Closed Bug 146769 Opened 22 years ago Closed 21 years ago

DNS: gets stuck resolving host

Categories

(Core :: Networking, defect)

defect
Not set
major

Tracking

()

VERIFIED WORKSFORME

People

(Reporter: swordedge, Assigned: gordon)

References

()

Details

From Bugzilla Helper:
User-Agent: Mozilla/5.0 (OS/2; U; Warp 4.5; en-US; rv:1.0rc2) Gecko/20020510
BuildID:    2002051021

Basically, Mozilla is looking up the IP address of a web site and gets stuck
doing that.  When this happens, I can use nslookup on a command line and get a
response back before I get my finger off the return key.  So something is
mozilla is on occasion, getting stuck with this operation.  This problem is
intermitant.  I have seen delete the history.dat file as an solution but that
doesn't work.  Nor is it a good solution.  The address works fine again after
the original operation times out in something like four minutes, way too long.



Reproducible: Sometimes
Steps to Reproduce:
1.go to web page, any
2.
3.

Actual Results:  intermittant. can't reliably reproduce it.

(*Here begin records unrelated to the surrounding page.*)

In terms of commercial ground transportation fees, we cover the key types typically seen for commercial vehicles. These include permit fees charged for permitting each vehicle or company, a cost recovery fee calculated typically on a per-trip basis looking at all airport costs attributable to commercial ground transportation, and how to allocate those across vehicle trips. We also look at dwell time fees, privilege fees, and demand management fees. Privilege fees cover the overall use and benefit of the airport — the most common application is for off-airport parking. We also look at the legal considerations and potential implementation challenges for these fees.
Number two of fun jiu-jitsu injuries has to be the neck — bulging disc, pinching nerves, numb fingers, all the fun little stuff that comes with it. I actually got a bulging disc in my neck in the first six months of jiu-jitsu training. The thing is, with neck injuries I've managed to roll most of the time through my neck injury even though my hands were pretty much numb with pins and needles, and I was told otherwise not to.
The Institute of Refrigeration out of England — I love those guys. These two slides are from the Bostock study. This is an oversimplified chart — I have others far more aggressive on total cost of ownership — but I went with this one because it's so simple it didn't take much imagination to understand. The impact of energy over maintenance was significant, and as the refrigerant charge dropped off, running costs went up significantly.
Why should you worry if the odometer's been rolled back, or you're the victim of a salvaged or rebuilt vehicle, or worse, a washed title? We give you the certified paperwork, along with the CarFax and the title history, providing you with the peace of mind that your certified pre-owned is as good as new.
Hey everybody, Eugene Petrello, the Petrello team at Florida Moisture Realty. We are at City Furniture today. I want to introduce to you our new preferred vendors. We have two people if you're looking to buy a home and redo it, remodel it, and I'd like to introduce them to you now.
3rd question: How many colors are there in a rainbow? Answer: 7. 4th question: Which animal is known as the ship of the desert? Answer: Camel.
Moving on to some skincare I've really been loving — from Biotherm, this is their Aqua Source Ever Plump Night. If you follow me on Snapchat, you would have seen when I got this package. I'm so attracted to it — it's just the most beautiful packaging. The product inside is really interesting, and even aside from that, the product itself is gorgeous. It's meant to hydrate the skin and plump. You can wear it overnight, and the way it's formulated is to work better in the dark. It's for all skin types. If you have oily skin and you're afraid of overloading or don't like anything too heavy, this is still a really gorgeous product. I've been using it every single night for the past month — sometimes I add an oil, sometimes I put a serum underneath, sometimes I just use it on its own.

Expected Results:  When happens, starts to retrieve page, not say resolving host
for many minutes.

I  have seen this on windows and os/2.  I consider this severe as it looks real
real bad when mozilla can't find an IP address.  A major Mozilla impression hit.
-> Networking
Assignee: Matti → new-network-bugs
Component: Browser-General → Networking
QA Contact: imajes-qa → benc
This could be a DNS or a more general networking bottleneck. When this happens,
can you open a new window and go someplace else via ip address?

Can you give some specific steps that produce this problem?
I didn't realize the email address was bogus...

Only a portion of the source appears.